People are too sensitive these days though. The problem is that no one agrees what it's important to be sensitive about while simultaneously looking for reasons to be offended on behalf of others.
His show was a cultural phenomenon. You've never heard of the least funny comedian. Let's stop the weird Lemmy contrarianism. It makes us look more insanely out of touch than Jerry Seinfeld. (Which is so well known his name is in my auto-correct).
I absolutely loved Seinfeld (the show) and recently saw his stand up in person and it was absolutely terrible, it was actually pretty shocking. He's just so incredibly unrelatable now.
I wouldn't say that's contrarianism. I've heard criticism for Jerry Seinfeld's comedy since at least 2004, calling out observation comics as a whole was trending at the time of his show even. Larry David made that show great, and some of the cast played their roles really well, Jerry Seinfeld wasn't one of them for me and seemingly a lot of people.

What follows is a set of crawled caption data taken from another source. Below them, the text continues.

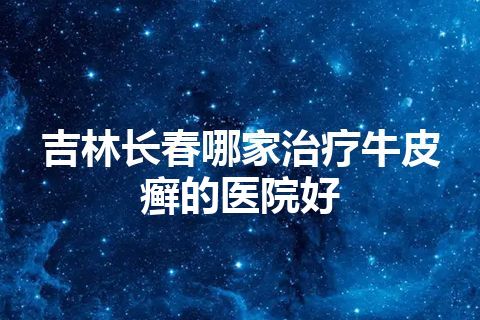 吉林长春哪家治疗牛皮癣的医院好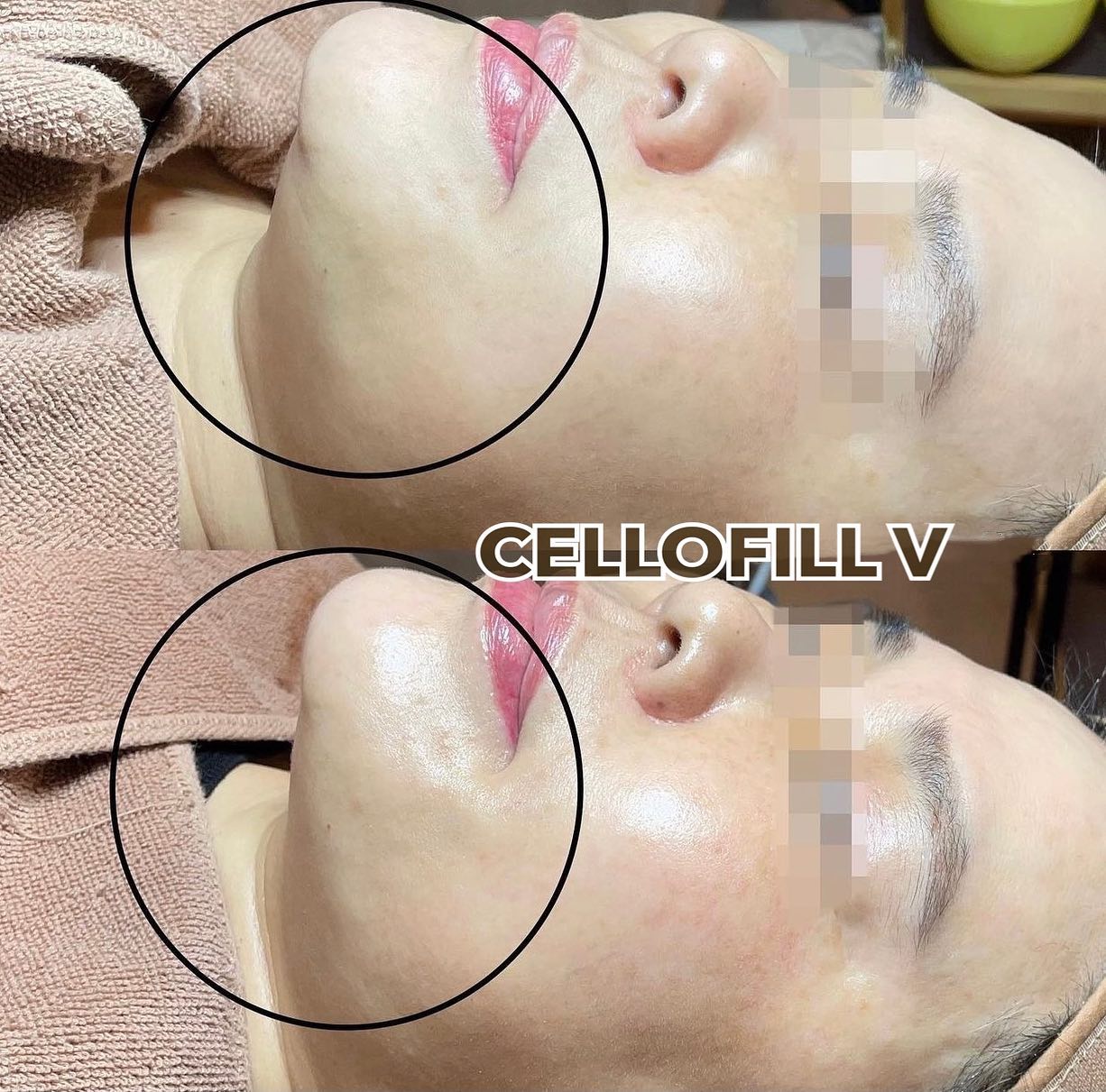 어떤 제품을 써도 살이 빠지지 않는다면 CELLOFILL V... - Cellofillofficial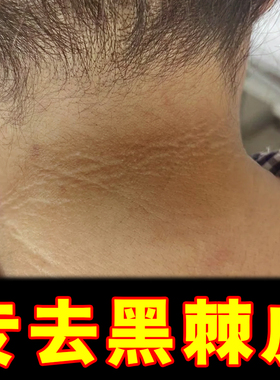 去脖子色素沉淀去脖子变白神器脖子肘关节专用去除分解素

I don't think the contrarianism is Lemmy specific. Whenever someone becomes problematic for whatever, there'll always be people taking to twitter or whatever to say "well they were never really that good anyway". And it is almost always just a cope, except in the specific case of Rob Schneider.
I agree that comedy is an area that rarely ages well. If you look at the old post 9/11 HBO comedy spots on MAX they are atrociously racist against middle eastern people to the point where I don’t think they should be available or at least should be labeled history and not comedy.
Yeah but Jerry got mad that he wasn't allowed to tell racist, transphobic, and highly political jokes like a year ago. And he got drawn into the MAGA crowd like a tractor beam, being sponsored by out of touch old fogeys and anti-woke propagandists.